**TASK STATEMENT:**
Each line in the material below, starting at the one that contains "DECO WALLS 3D" and ending at the one that contains "Athletics Fanatics Offensive", should be repeated exactly; the pictures should not.

*** EXERCISE DATA ***

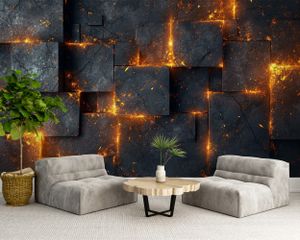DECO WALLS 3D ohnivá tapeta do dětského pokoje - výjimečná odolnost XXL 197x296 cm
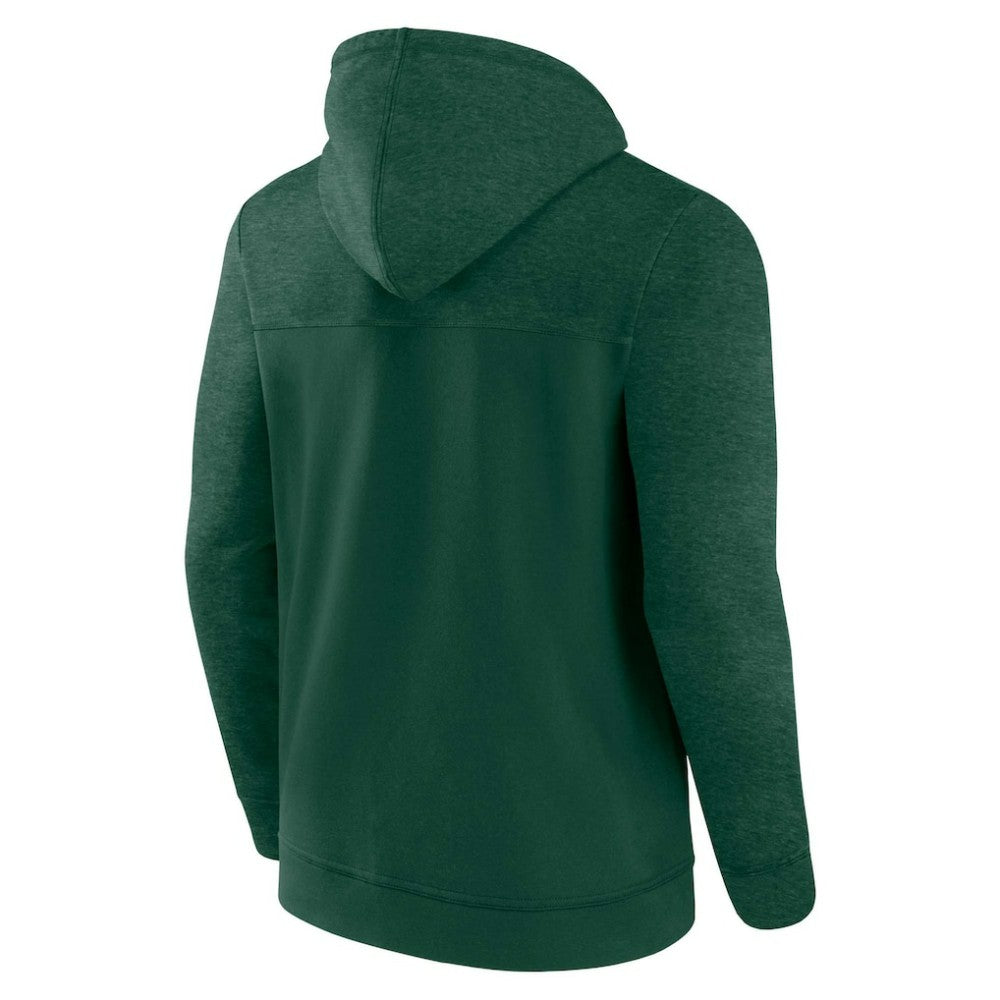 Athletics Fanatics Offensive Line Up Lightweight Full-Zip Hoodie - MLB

*** End of EXERCISE DATA ***
*** EXERCISE DATA ***

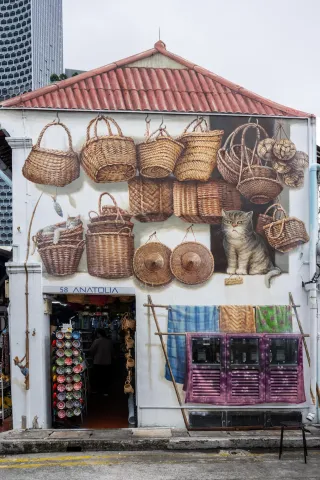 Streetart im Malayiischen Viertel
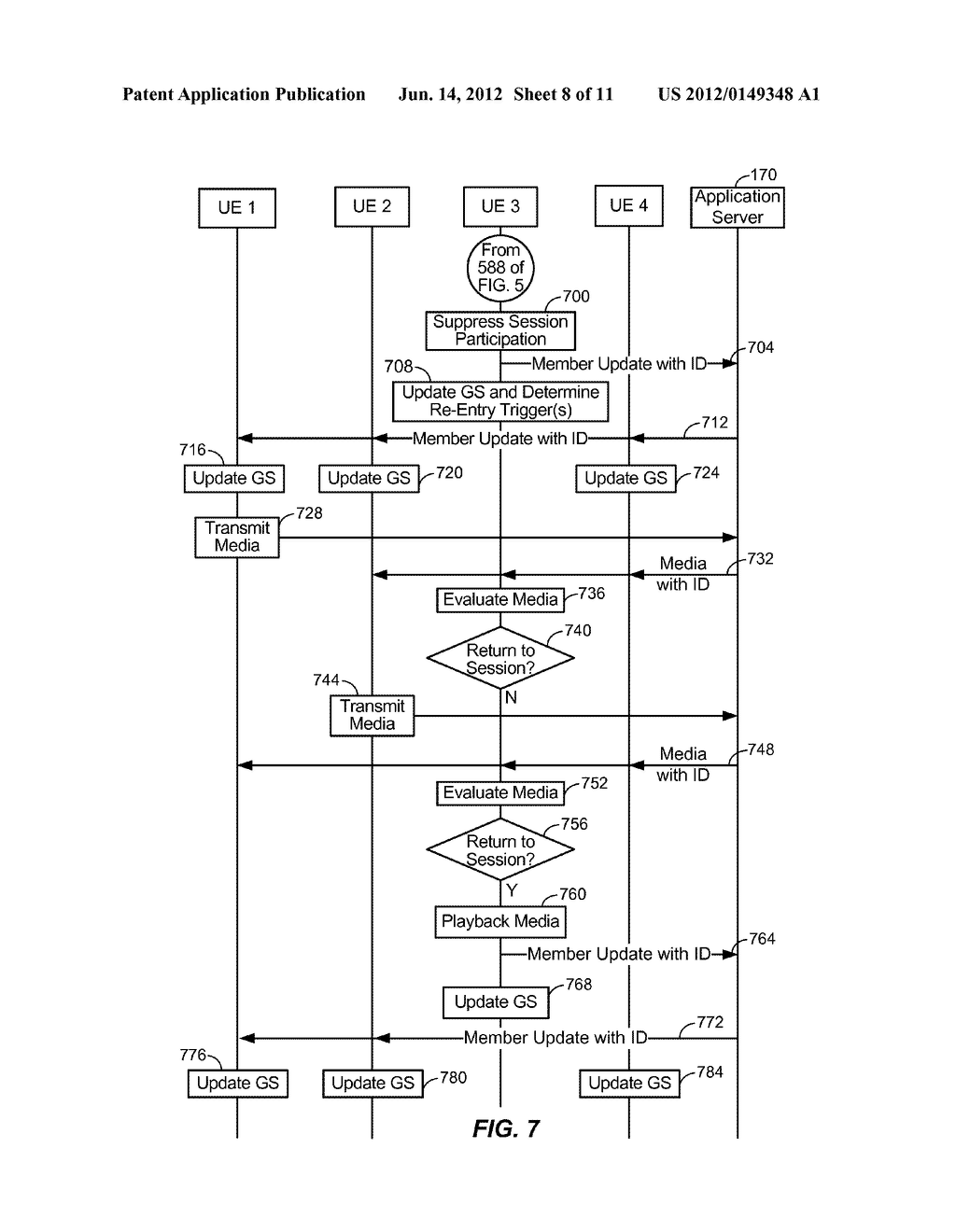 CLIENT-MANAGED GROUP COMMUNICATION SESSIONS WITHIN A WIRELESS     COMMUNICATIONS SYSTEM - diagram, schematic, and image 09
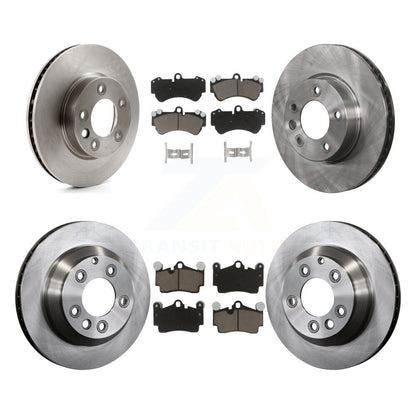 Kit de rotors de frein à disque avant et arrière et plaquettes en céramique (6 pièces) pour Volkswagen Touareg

*** End of EXERCISE DATA ***

**SOLUTION TO THE EXERCISE:**
DECO WALLS 3D ohnivá tapeta do dětského pokoje - výjimečná odolnost XXL 197x296 cm
 Athletics Fanatics Offensive Line Up Lightweight Full-Zip Hoodie - MLB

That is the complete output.